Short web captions
=== Section Start ===

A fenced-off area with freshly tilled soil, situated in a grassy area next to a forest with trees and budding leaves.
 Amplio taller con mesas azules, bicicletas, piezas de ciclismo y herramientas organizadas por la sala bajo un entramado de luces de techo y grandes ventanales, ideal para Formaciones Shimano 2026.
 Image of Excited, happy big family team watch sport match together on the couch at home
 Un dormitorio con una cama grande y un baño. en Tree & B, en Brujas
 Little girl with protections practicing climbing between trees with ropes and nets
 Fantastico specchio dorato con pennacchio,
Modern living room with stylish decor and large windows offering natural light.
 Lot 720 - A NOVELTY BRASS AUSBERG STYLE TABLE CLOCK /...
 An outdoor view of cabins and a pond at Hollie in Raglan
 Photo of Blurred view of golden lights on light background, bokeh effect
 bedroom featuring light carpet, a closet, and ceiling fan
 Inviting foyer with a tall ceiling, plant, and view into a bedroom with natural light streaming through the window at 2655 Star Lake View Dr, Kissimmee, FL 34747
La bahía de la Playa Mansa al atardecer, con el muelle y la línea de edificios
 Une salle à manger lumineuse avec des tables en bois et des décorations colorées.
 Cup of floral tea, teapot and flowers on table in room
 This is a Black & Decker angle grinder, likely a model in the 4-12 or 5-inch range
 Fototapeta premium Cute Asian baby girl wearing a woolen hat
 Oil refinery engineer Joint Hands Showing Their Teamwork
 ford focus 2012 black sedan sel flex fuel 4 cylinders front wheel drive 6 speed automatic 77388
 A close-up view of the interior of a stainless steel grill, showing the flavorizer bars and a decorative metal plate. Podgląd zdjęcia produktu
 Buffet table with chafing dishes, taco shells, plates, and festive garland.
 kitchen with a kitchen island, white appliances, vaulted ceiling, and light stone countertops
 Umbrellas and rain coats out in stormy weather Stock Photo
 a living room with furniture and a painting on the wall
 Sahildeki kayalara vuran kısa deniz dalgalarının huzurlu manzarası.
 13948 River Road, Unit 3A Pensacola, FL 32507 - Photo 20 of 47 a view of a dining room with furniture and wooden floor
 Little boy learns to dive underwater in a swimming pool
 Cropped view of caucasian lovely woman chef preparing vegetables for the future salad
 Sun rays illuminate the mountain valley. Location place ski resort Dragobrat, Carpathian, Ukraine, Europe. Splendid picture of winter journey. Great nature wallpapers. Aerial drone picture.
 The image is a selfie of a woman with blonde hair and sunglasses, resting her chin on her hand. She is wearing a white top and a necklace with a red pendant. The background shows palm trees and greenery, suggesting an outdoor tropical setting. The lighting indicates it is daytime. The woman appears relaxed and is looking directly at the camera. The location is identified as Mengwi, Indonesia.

=== Section End ===

*What you should do*.
Of the lines in the data, report each one containing the string "furniture".

*Written answer*.
 a living room with furniture and a painting on the wall
 13948 River Road, Unit 3A Pensacola, FL 32507 - Photo 20 of 47 a view of a dining room with furniture and wooden floor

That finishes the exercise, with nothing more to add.